Avant de refuser, il faut comprendre exactement ce qui est entendu par cette exigence. Parfois, les contrats disent une chose, mais dans la pratique, c'est complètement différent - par exemple, la caméra doit être techniquement prête à être activée, pas littéralement allumée toute la journée. Demande une clarification : faut-il une transmission en continu ou suffit-il que tu sois disponible pour les appels vidéo ? Certaines entreprises se contentent de voir ton statut dans le système et de pouvoir t'appeler n'importe quand. Si vraiment ils exigent une vidéo permanente sans interruption - là, c'est une autre histoire.

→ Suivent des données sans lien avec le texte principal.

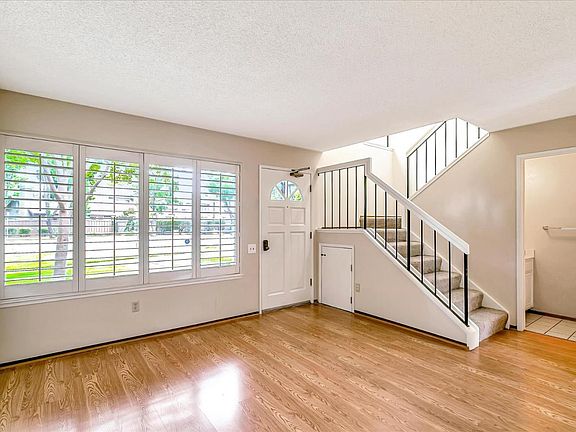 5th image of 94 Saddlebrook Dr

Concernant la confidentialité : la législation sur ce point est floue, tout dépend du pays et des détails. Mais concrètement, cela signifie que l'employeur verra ta maison, ton environnement, même tes moments intimes. De plus, la surveillance constante réduit la concentration et épuise psychologiquement. Les gens travaillent moins bien quand on les surveille comme en prison, plutôt que quand on les évalue sur les résultats.
Conseil spécifique : demande par écrit à convenir d'un compromis - par exemple, la caméra allumée uniquement pendant les réunions, ou seulement à certaines heures, ou tu l'actives sur demande dans les cinq minutes. Propose un argument pas du style « c'est inconfortable pour moi », mais pratique : « Cela optimisera le trafic et me permettra de travailler plus productivement ». Si l'employeur ne veut pas négocier, c'est vraiment un signal d'alerte.